Tuesday, March 25, 2008

Another Modest Proposal: No-fault divorce petitioner presumptively barred from receiving alimony

(Note: Given that the overwhelming majority of alimony recipients have been and remain women, I will refer for this reason and this reason alone in this entry to the party seeking alimony in the feminine gender).

(Note: I am not divorced; this entry is not driven by a personal agenda or misogyny; it is a call for thoughtful debate on a topic that I feel has not been thoughtfully addressed)

Here is today's topic of debate:

Resolved, that the Utah Code governing divorce (Title 30, Chapter 3) should be modified to include a provision that if one petitions (or counter petitions) for a divorce on no-fault grounds, there is a rebuttable presumption that the petitioner is not entitled to an award of alimony.

Argument: If a petitioner seeks a divorce on no-fault grounds, she is literally claiming that she has not been compelled to seek divorce by any fault of the respondent, but has chosen to leave the marriage of her own accord. If a petitioner seeks to be released from a marriage in which the respondent spouse is without fault and remains willing to continue in the marriage and to "support his wife when she is in need" (See Utah Code Section 78-45-3 (Duty of Man) (repealed February 2008), it would be unjust and inequitable to require that faultless spouse to finance the petitioner's new, unmarried life, i.e., if the petitioner no longer wishes to be married to a faultless spouse, then a consequence of that wish should be termination of the financial support from the faultless spouse whom the petitioner is abandoning.

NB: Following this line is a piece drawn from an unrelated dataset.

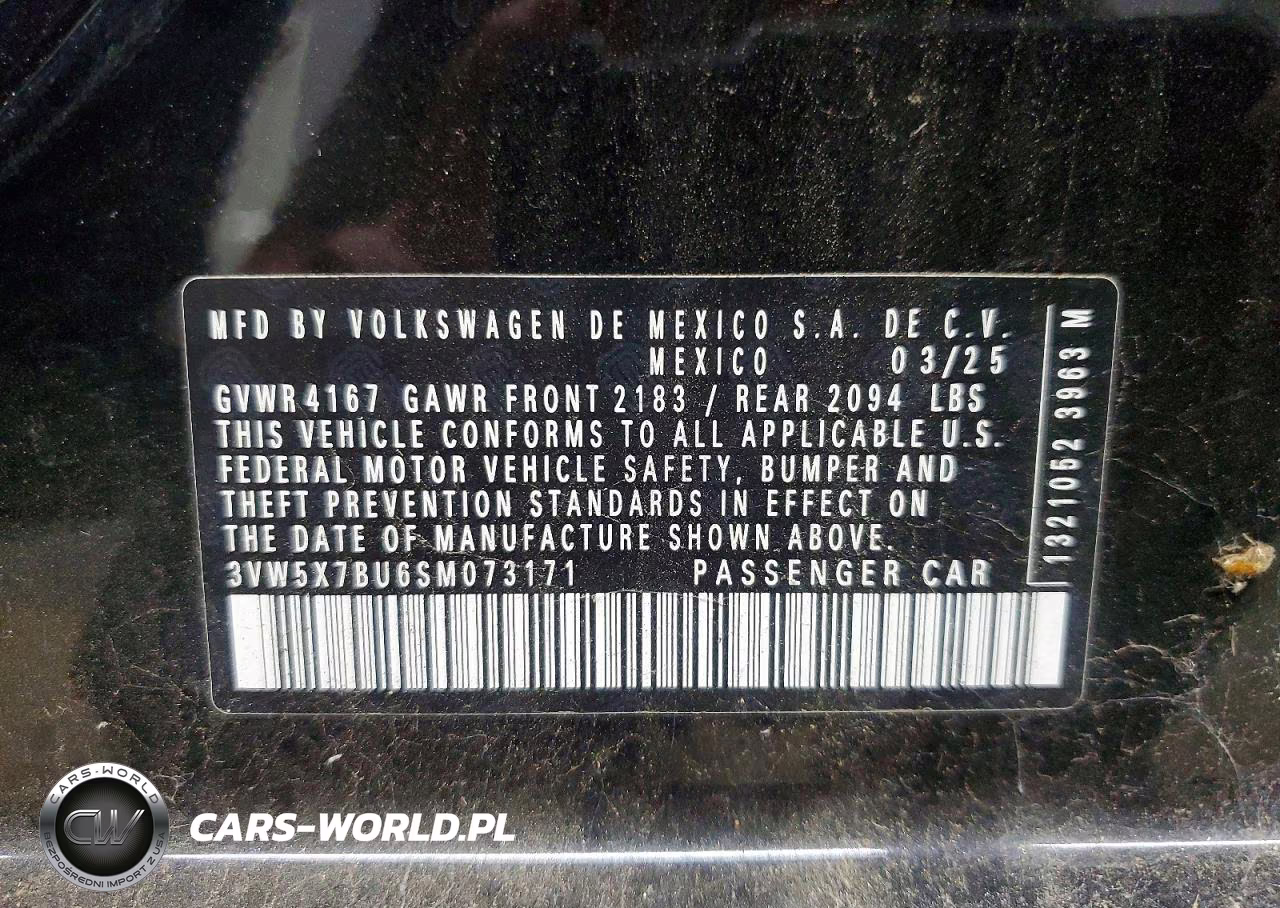 2025 Volkswagen Jetta S VIN:3VW5X7BU6SM073171 - 12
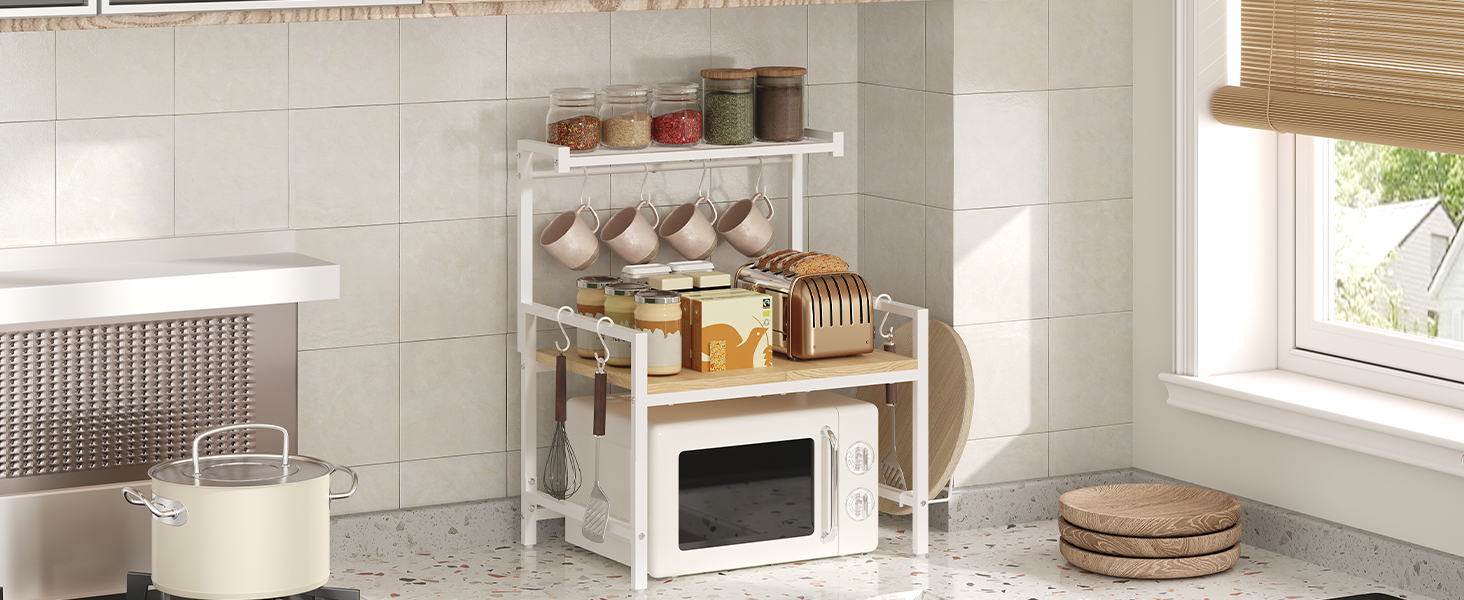 Поличка для мікрохвильової печі, кухонна поличка, 2 яруси, з підставкою для обробної дошки, органайзер з 8 гачками, коричнева, ABRBN5301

How can a petitioner logically ask on one hand, "I want to be free of all my marital responsibilities and obligations and return to my status as an unmarried person," then on the other hand claim, "But the purely marital obligation of my soon to be ex-spouse to provide for my financial/material support I wish to continue"?

And consider this: if the petitioner claims she should be freed from her obligations under the marriage contract, yet have the ex-spouse ordered to continue to provide her with financial/material support (put another way: getting the milk for free without buying the cow), why should not the ex-spouse be entitled to have the petitioner ordered to clean the respondent's house, cook his meals, babysit his children (if he's awarded child custody), or even provide him with sexual favors on a regular basis? What is the essential difference?

Whether the petitioner has "need" of support or whether the respondent "has the ability to pay" are irrelevant questions where the petitioner, knowing she cannot provide for her own support if unmarried and no longer legally entitled to her spouse's financial or other material support, nevertheless chooses to abandon the marriage on no-fault grounds.

I welcome your comments.

1 comment:

Anonymous said...

Eric,
You hit the nail on the head.

"I wish to leave you, I wish to have no more marital obligations to you, but oh by the way you will have lifelong financial obligations to me."

How is this justice? If this is what the strength of the institution of marriage is reduced to, then it is no surprise that marriage rates are steadily falling over the past 50 years. In England they are the lowest in 125 years of being measured.

We often complain about the new generation of men being irresponsible, won't grow up, Peter Pan's, etc. I think the reality is that these men, like all men before them, are intelligent decision makers. They are simply reading these new post no fault era divorce laws, and voting with their feet.

I have heard this being called the "Marriage Strike". Women of marriage age with their biological clocks ticking away should ignore this phenomenon at their own risk. These puzzling laws can only change if fair minded women and men band together to vote for the politicians brave enough to change them.